Although the entries contain pictures, write out only their text, exactly as it stands.

* _Image-text web data_:
- - -

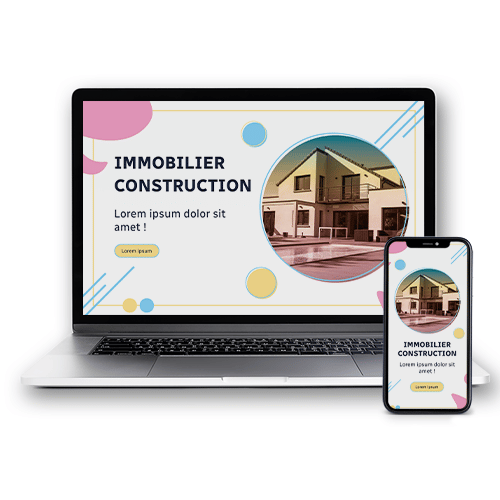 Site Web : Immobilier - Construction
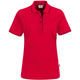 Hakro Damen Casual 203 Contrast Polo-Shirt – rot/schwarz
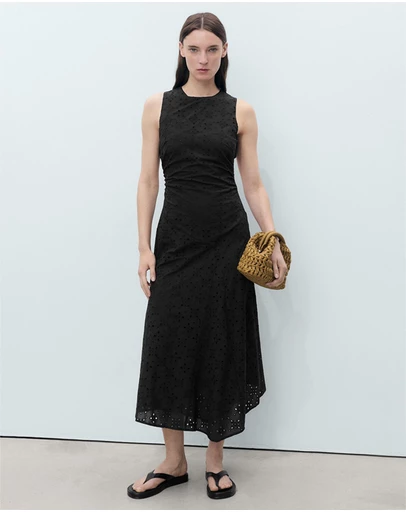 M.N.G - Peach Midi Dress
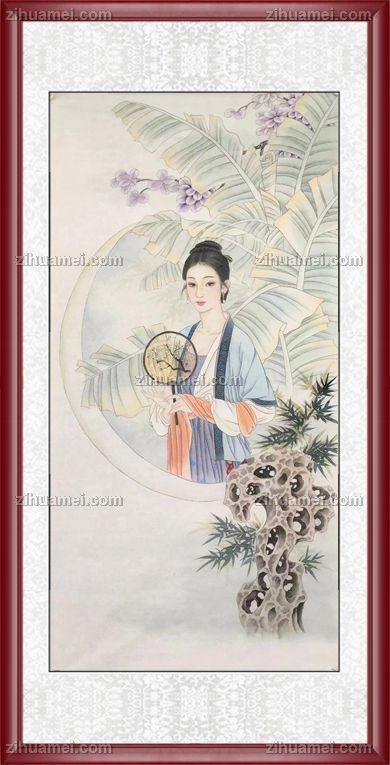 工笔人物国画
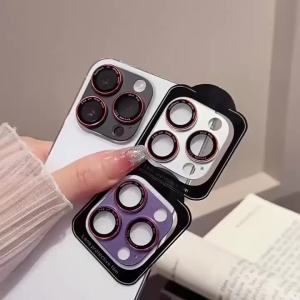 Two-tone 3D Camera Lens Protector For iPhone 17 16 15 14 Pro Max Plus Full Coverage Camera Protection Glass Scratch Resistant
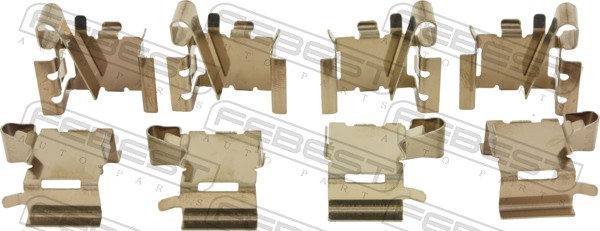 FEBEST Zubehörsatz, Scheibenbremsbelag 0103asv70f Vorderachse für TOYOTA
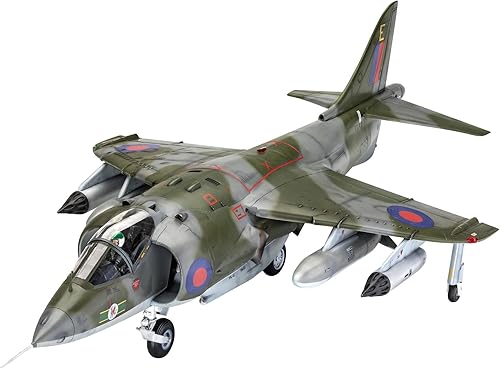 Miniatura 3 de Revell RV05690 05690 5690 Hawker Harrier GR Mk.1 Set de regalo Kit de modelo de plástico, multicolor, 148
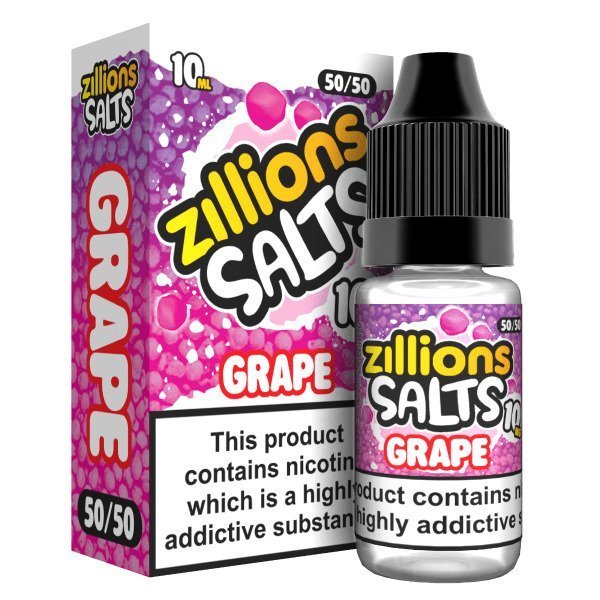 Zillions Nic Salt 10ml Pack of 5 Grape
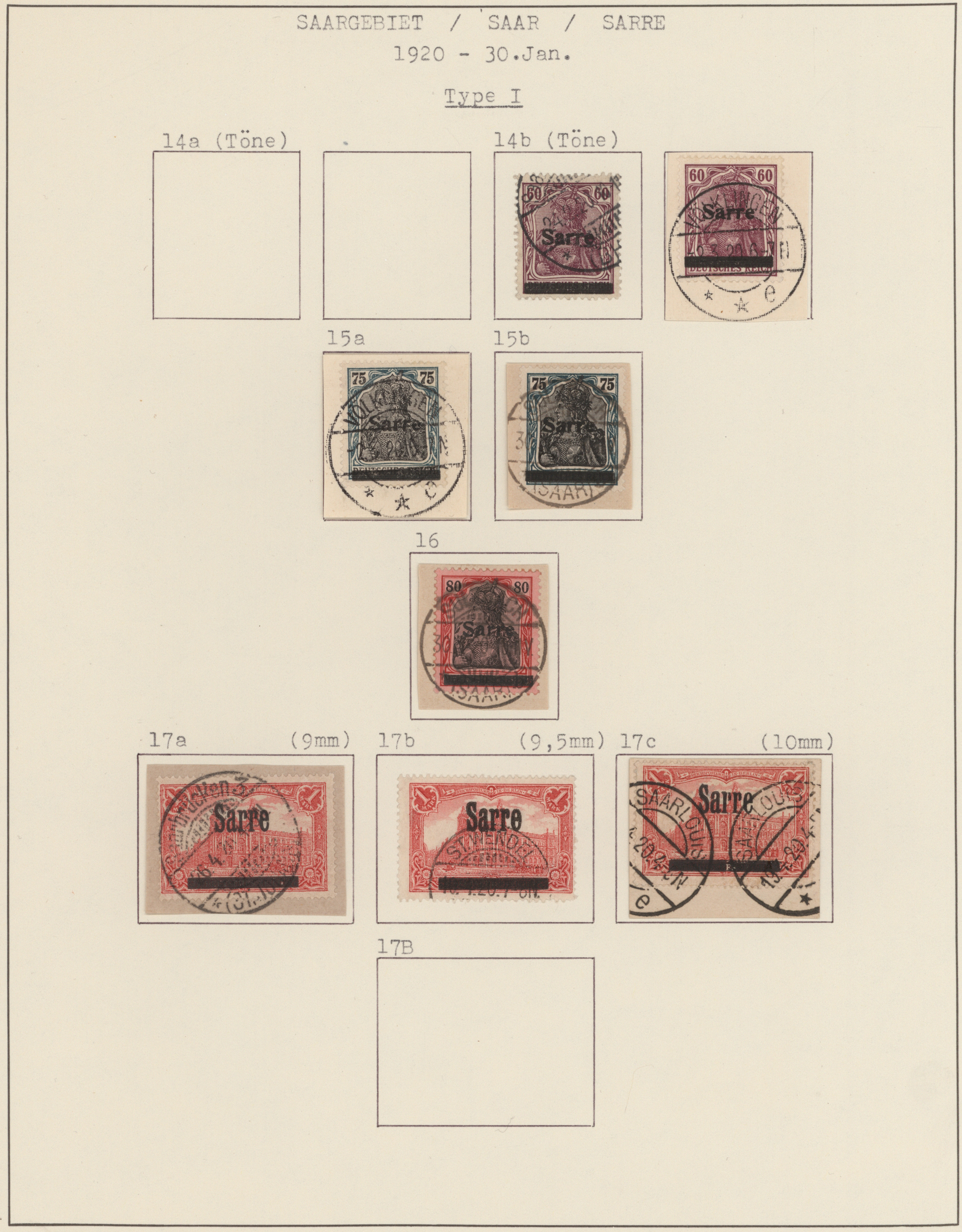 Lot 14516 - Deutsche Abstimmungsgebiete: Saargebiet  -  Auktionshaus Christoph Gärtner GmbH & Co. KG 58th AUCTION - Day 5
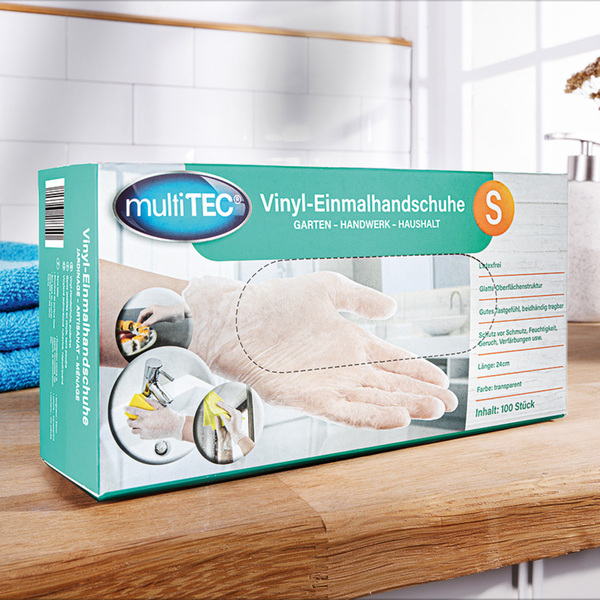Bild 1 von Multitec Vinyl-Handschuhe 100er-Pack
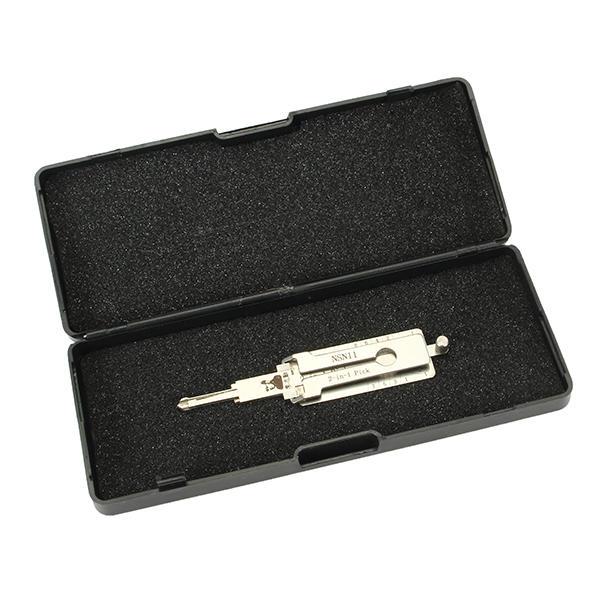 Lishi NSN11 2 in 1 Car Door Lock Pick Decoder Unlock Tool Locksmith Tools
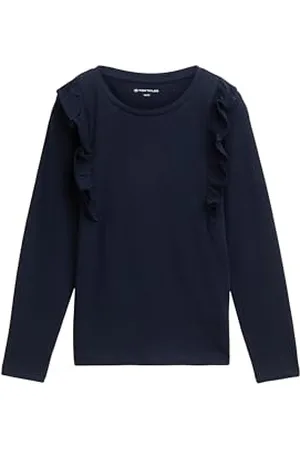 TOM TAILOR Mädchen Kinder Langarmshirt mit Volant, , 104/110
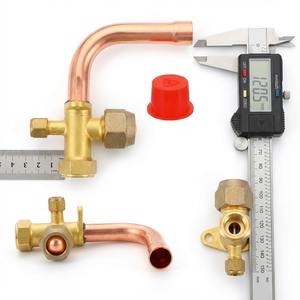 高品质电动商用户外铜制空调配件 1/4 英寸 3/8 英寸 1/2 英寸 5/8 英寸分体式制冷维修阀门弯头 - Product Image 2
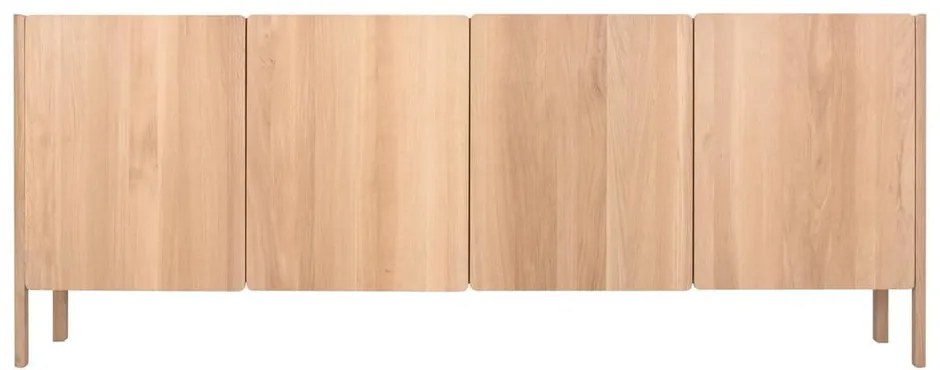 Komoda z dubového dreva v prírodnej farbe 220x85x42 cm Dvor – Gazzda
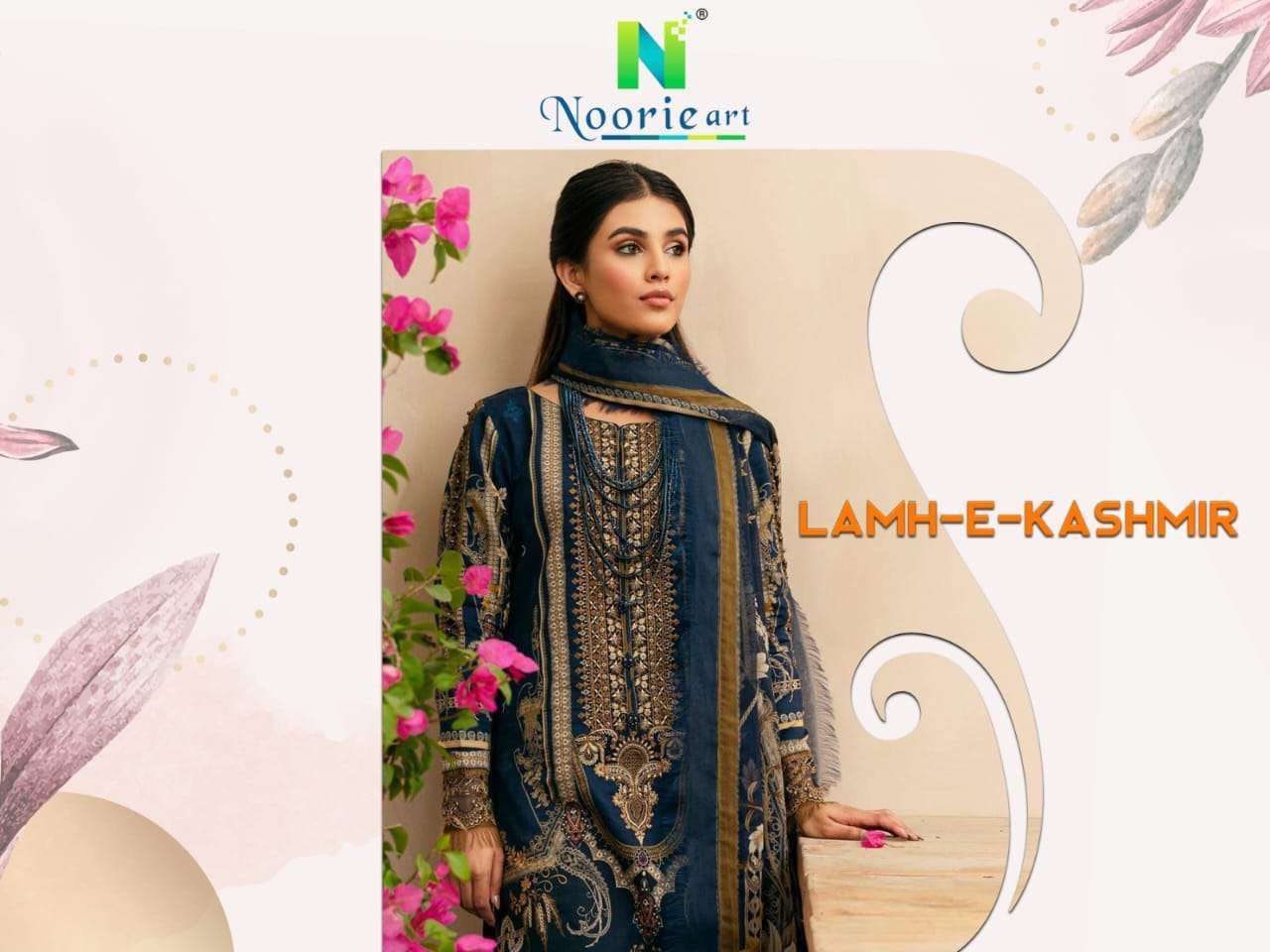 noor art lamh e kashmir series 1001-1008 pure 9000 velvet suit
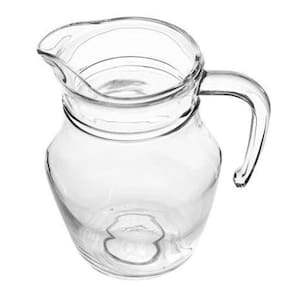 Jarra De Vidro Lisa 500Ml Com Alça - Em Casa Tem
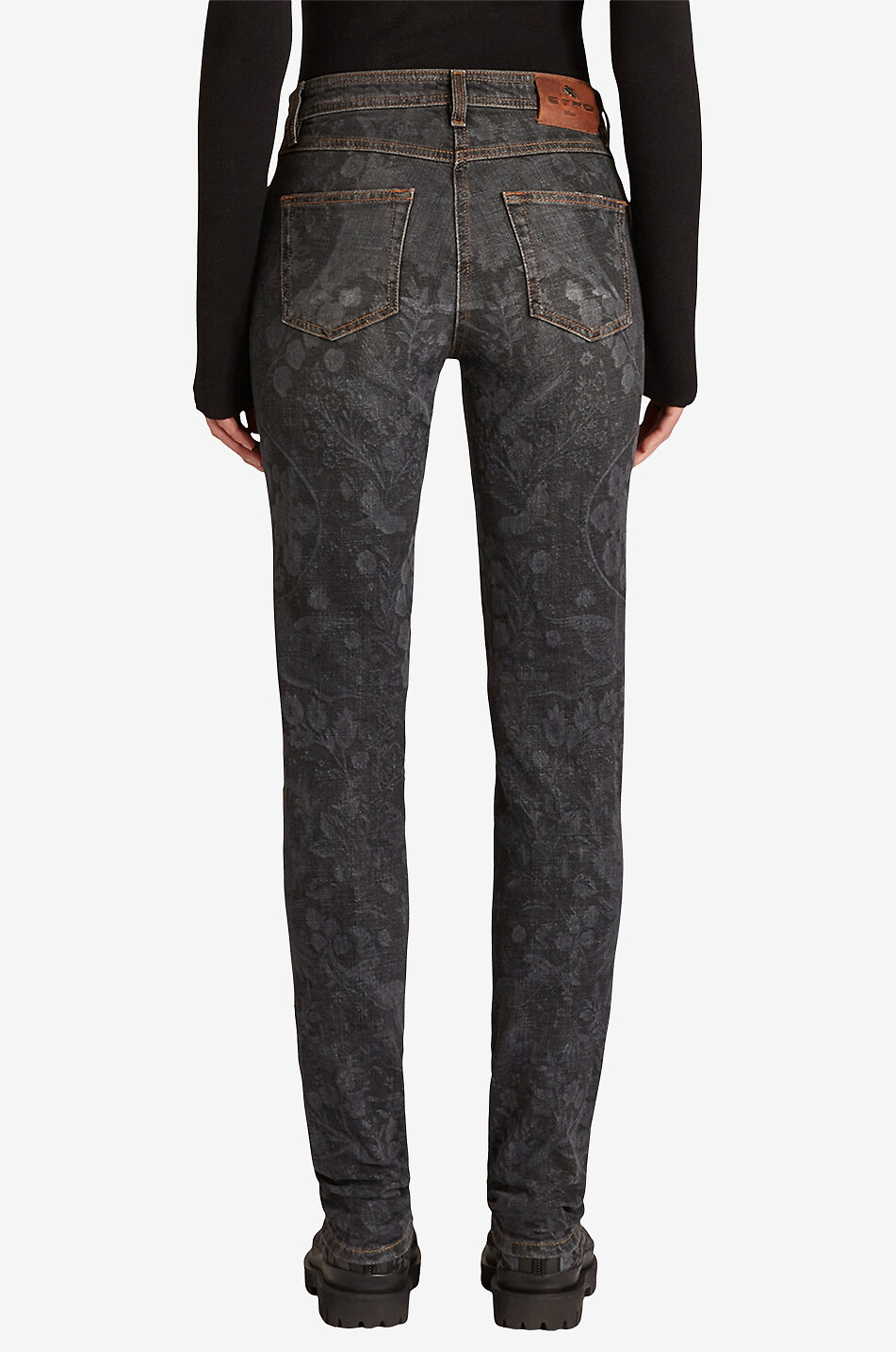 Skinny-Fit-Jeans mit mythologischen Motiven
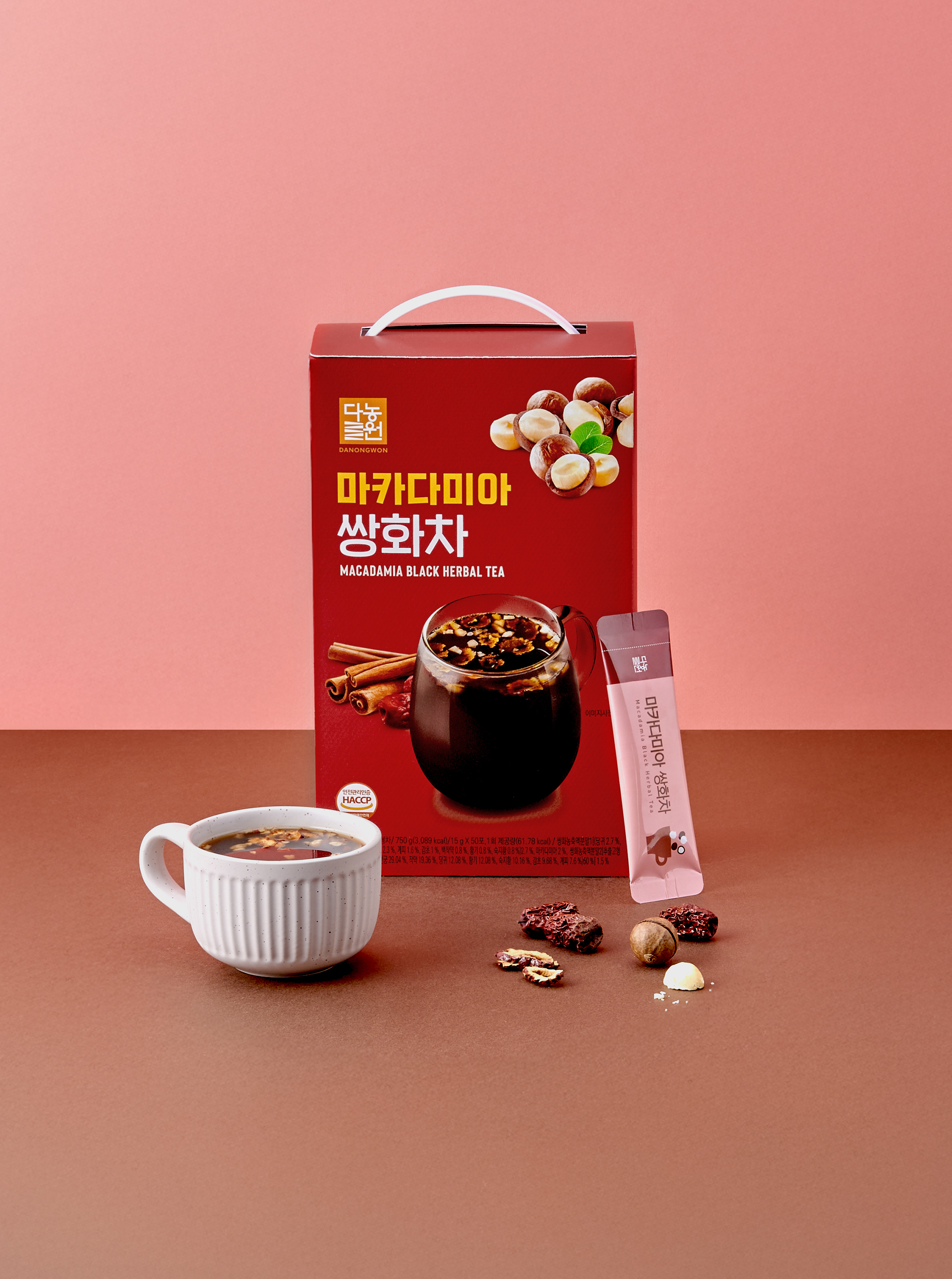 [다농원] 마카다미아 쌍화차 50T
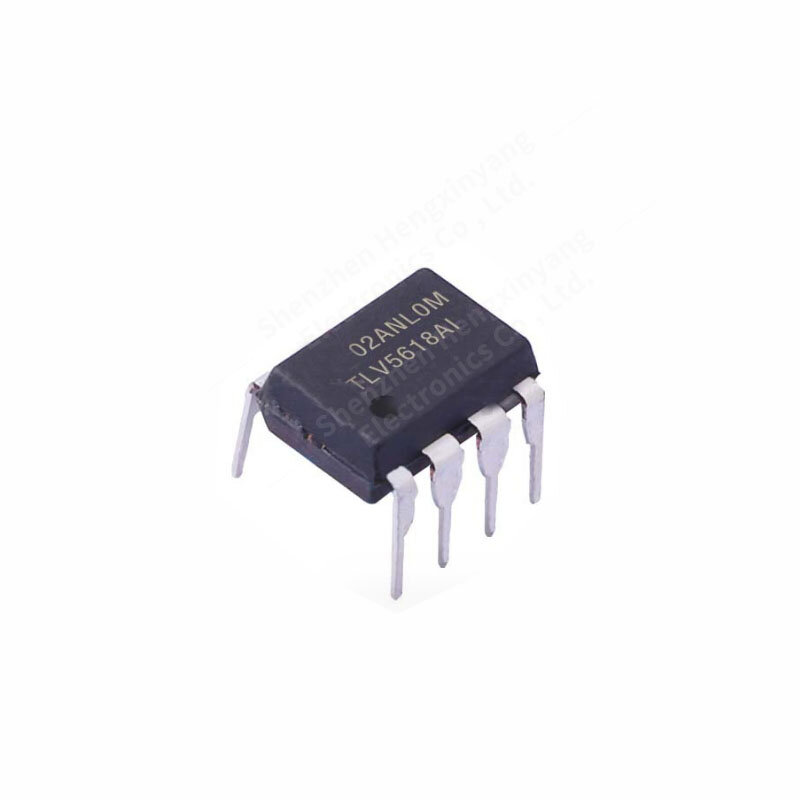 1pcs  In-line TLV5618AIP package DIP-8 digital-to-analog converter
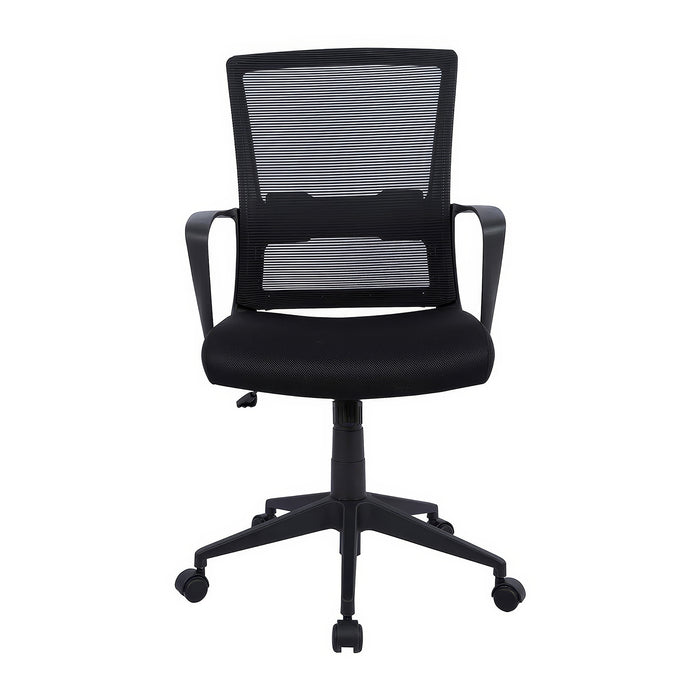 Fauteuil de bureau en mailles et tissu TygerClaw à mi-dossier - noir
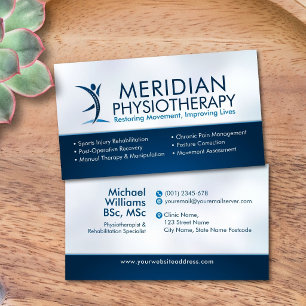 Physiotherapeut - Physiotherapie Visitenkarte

- - -

* _The answer_:
 Site Web : Immobilier - Construction
 Hakro Damen Casual 203 Contrast Polo-Shirt – rot/schwarz
 M.N.G - Peach Midi Dress
 工笔人物国画
 Two-tone 3D Camera Lens Protector For iPhone 17 16 15 14 Pro Max Plus Full Coverage Camera Protection Glass Scratch Resistant
 FEBEST Zubehörsatz, Scheibenbremsbelag 0103asv70f Vorderachse für TOYOTA
 Miniatura 3 de Revell RV05690 05690 5690 Hawker Harrier GR Mk.1 Set de regalo Kit de modelo de plástico, multicolor, 148
 Zillions Nic Salt 10ml Pack of 5 Grape
 Lot 14516 - Deutsche Abstimmungsgebiete: Saargebiet  -  Auktionshaus Christoph Gärtner GmbH & Co. KG 58th AUCTION - Day 5
Bild 1 von Multitec Vinyl-Handschuhe 100er-Pack
 Lishi NSN11 2 in 1 Car Door Lock Pick Decoder Unlock Tool Locksmith Tools
 TOM TAILOR Mädchen Kinder Langarmshirt mit Volant, , 104/110
 高品质电动商用户外铜制空调配件 1/4 英寸 3/8 英寸 1/2 英寸 5/8 英寸分体式制冷维修阀门弯头 - Product Image 2
 Komoda z dubového dreva v prírodnej farbe 220x85x42 cm Dvor – Gazzda
 noor art lamh e kashmir series 1001-1008 pure 9000 velvet suit
 Jarra De Vidro Lisa 500Ml Com Alça - Em Casa Tem
 Skinny-Fit-Jeans mit mythologischen Motiven
 [다농원] 마카다미아 쌍화차 50T
 1pcs  In-line TLV5618AIP package DIP-8 digital-to-analog converter
 Fauteuil de bureau en mailles et tissu TygerClaw à mi-dossier - noir
 Physiotherapeut - Physiotherapie Visitenkarte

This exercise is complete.